Ectopic atrial tachycardia

This form of atrial dysrhythmia is based on an increased automatism of one or occasionally several muscle cell assemblies. This persistent rhythm disturbance can often only be insufficiently suppressed by medication. A catheter ablation with the targeted obliteration of the causative focus is often the treatment method of choice.
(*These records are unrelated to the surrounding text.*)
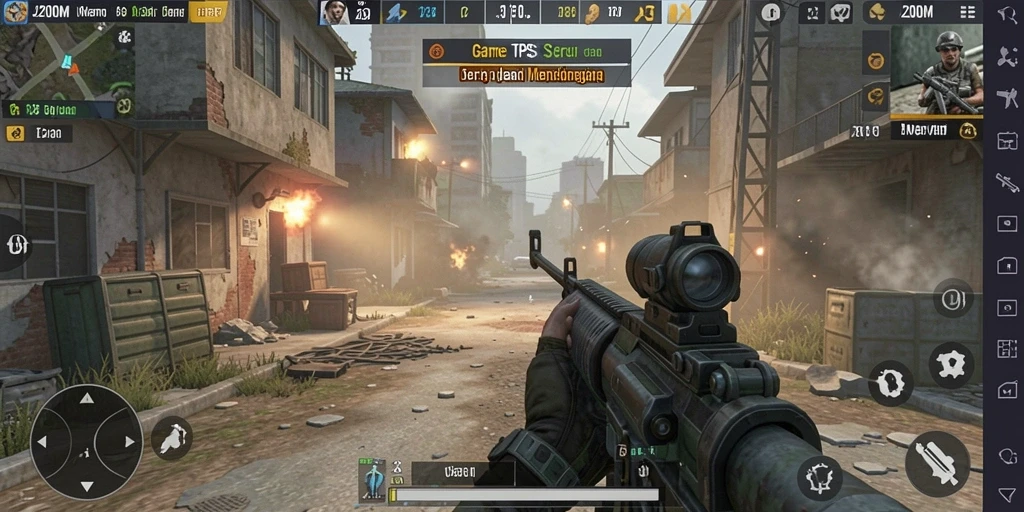 Screenshot J200M menunjukkan aksi tempur seru dalam mode TPS.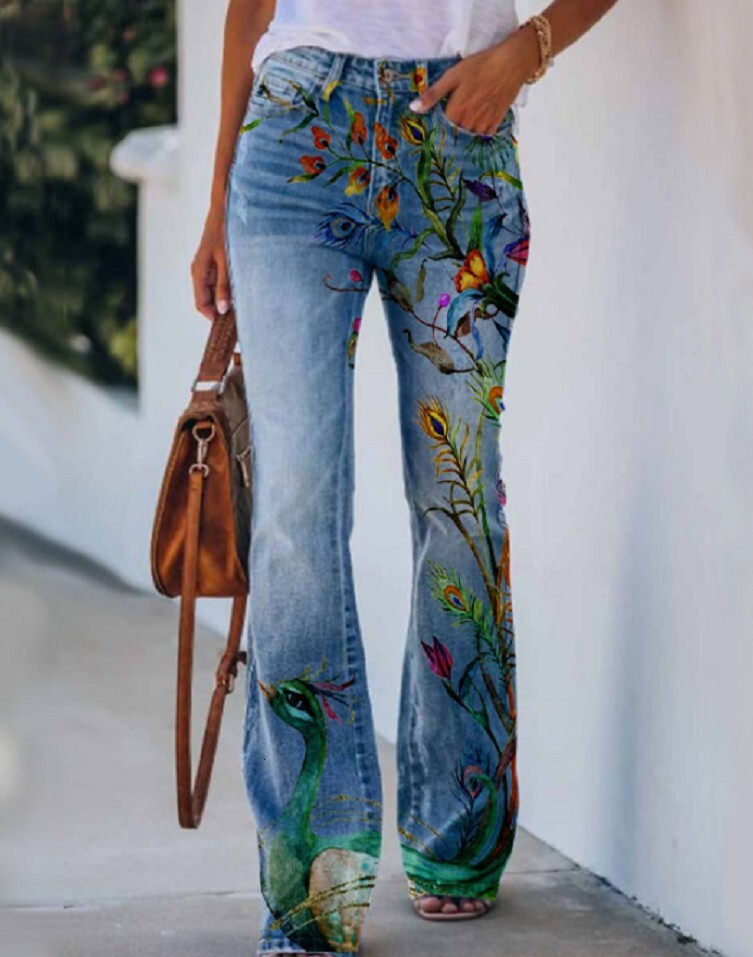 Plus Size Womens Casual Pants Wide Leg Pants Artistic Floral Pattern Pants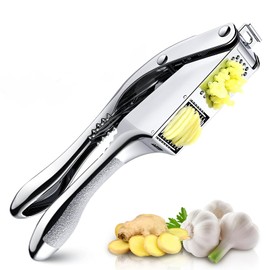 Pavlleen Garlic Press Stainless Steel, 2-in-1 Garlic Chopper and Cutter, with Ergonomic Handle, Handy and Easy to Clean, Garlic Press Dishwasher Safe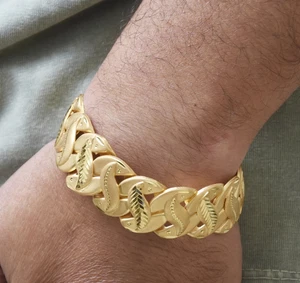 18K Gelbgold über hohlem Design Panzer Kubanische Gliederkette Herren S-Haken 8" Armband - Bild 1 von 6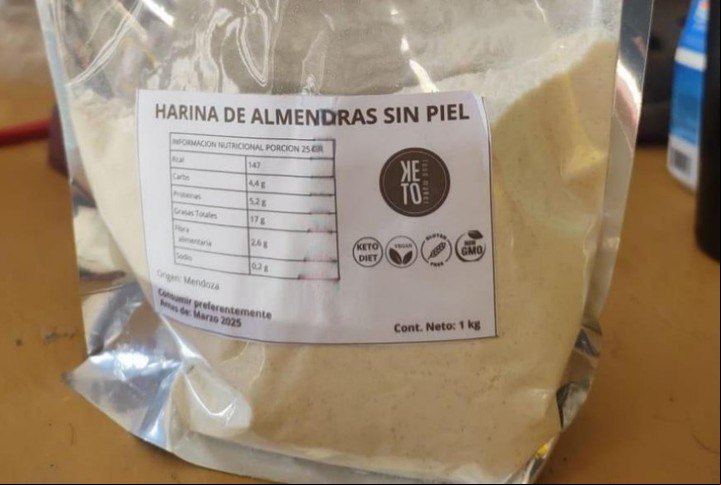La harina de almendras sin piel Marca KETO food maker fue considerada "ilegal" por ANMAT.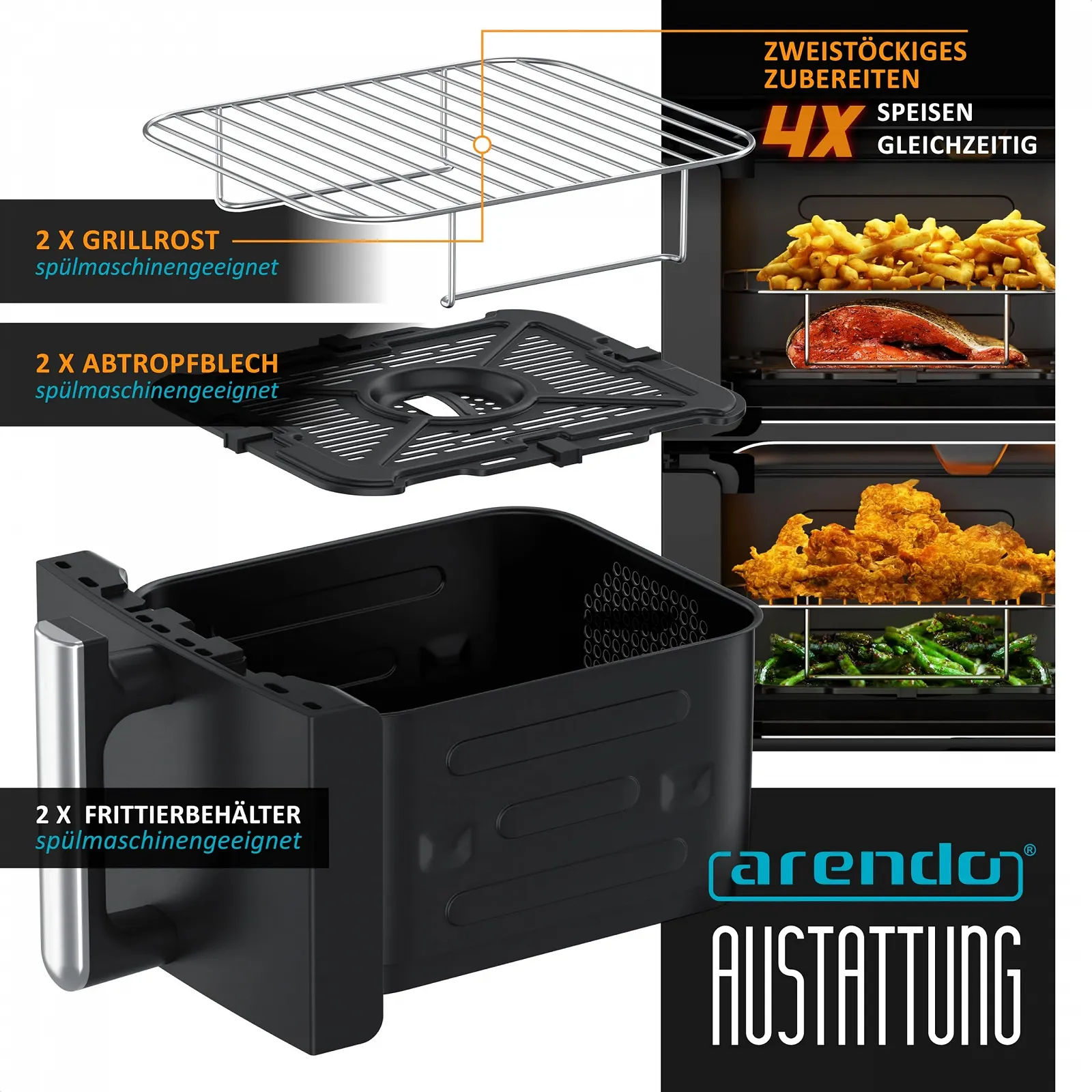 Мультипіч Arendo Dual Zone Double Chamber XXL 11 л 2 камери Сенсорна панель BPA Free Система 3D-конвекції Двоярусна, фото №6 Мультипіч Arendo Dual Zone Double Chamber XXL 11 л 2 камери Сенсорна панель BPA Free Система 3D-конвекції Двоярусна, фото №6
In atrial flutter, electrical circular excitation occurs in the atria - usually around the tricuspid valve between the right atrium and the right main chamber (typical atrial flutter). The pulse is transmitted regularly and quickly, the heart rate is usually 150/min on average. Occasionally cardioversion is necessary, but catheter ablation offers very good results in this situation and is relatively easy to perform.

Atrial fibrillation is an absolute arrhythmia. It is characterized by a chaotic propagation of excitation with travelling flicker waves in both atria. This is often caused by age-related changes in the fine architecture of the musculature, especially of the left atrium. From about the age of 50 onwards, there is a statistically significant increase in the probability of developing atrial fibrillation. Triggers of atrial fibrillation are almost always extra beats or salves of extra beats from the sections of the pulmonary veins near the heart. These four blood vessels, whose main function is to transport the oxygen-enriched blood from the lungs into the heart, can be electrically isolated by a special ablation technique (pulmonary vein or pulmonary vein isolation = PVI), which means that atrial fibrillation can no longer be triggered. This can be done by surgical ablation in a minimally invasive procedure or with a catheter, called a catheter ablation. In some instances we can perform a hybrid procedure - which means combining both surgery and electrophysiology.

Atrioventricular tachycardia

These are tachycardias, which can occur in patients with a congenital special electrical anatomical variant of excitation transfer from the atrium to the main chambers. These include AV accounts re-entry tachycardia and Wolff-Parkinson-White (WPW) syndrome. The treatment of choice here is also catheter ablation, in which the additional conduits can be sclerosed gently and with few complications.

Ventricular tachycardia (Dangerous!)

With all forms of tachycardia or extra beats from the large ventricle, identification of the underlying heart disease is absolutely necessary.

Ventricular extrasystoles (VES) are extra beats from the muscles of the main chambers. Mostly they are benign but can lead to symptoms and anxiety and should be examined and monitored in the course of the disease. Problems include frequent occurrence (more than 10% of the total heartbeats), extra beats from certain regions (e.g. Purkinje fibres) and association with severe heart disease. The following should therefore always be excluded: coronary artery disease, thickening of the heart muscle, heart valve defects, heart muscle disease, and heart failure. 

Common causes of ventricular tachycardia are scars of the main chambers after a heart attack and severe narrowing in the heart vessels.

Other ventricular tachycardias are found in rare genetic rhythmological disorders such as long QT syndrome, short QT syndrome, Brugada syndrome, and catecholamine-dependent polymorphic ventricular tachycardia.